Yes, the Death Penalty has no moral basis because it certainly is a ‘cruel and unusual’ punishment because it directly contravenes 3 of the most respected documents in the world today: the U.S Constitution, the Universal Declaration of Human Rights and the Bible. The practice clearly contravenes the ‘cruel and unusual’ clause that the Bill of Rights in U.S Constitution declares must not be used when meting out punishment. The Death Penalty goes against the Universal Declaration of Human Rights which declare that the that human beings have two basic human rights – the right to life and the right against torture or subjection to any merciless, unfeeling or humiliating punishment. In addition, every major religion including the Bible’s New Testament denounces the Death Penalty as an ineffective and socially destructive punishment.
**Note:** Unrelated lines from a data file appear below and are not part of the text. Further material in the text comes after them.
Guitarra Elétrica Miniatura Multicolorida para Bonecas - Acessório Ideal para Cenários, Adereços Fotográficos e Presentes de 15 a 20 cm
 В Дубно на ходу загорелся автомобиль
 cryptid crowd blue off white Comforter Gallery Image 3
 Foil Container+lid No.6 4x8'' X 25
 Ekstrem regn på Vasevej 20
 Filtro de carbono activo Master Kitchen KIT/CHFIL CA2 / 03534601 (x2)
The Death Penalty is ‘cruel and unusual’ because every person’s right to life is given by God and only He can take life. The State has got no right to interfere in God’s divine rules. In addition to the ones executed, their family members are also very adversely affected; they are made orphans or widows and their agony is prolonged by mandatory appeals and ever probing media coverage. The ‘cruel and unusual’ nature of the Death Penalty is the main reason why over two-thirds of the world’s nations have chosen to eradicate the practice (these include the U.K which did so in 1998), while only 59 nations (including the U.S) have chosen to persist with it; even during a meeting of the United Nations General Assembly in December last year, 106 member nations voted in favor of a stop to the use of the Death Penalty, as compared to 46 countries that voted against the moratorium, and 34 nations that chose not to vote.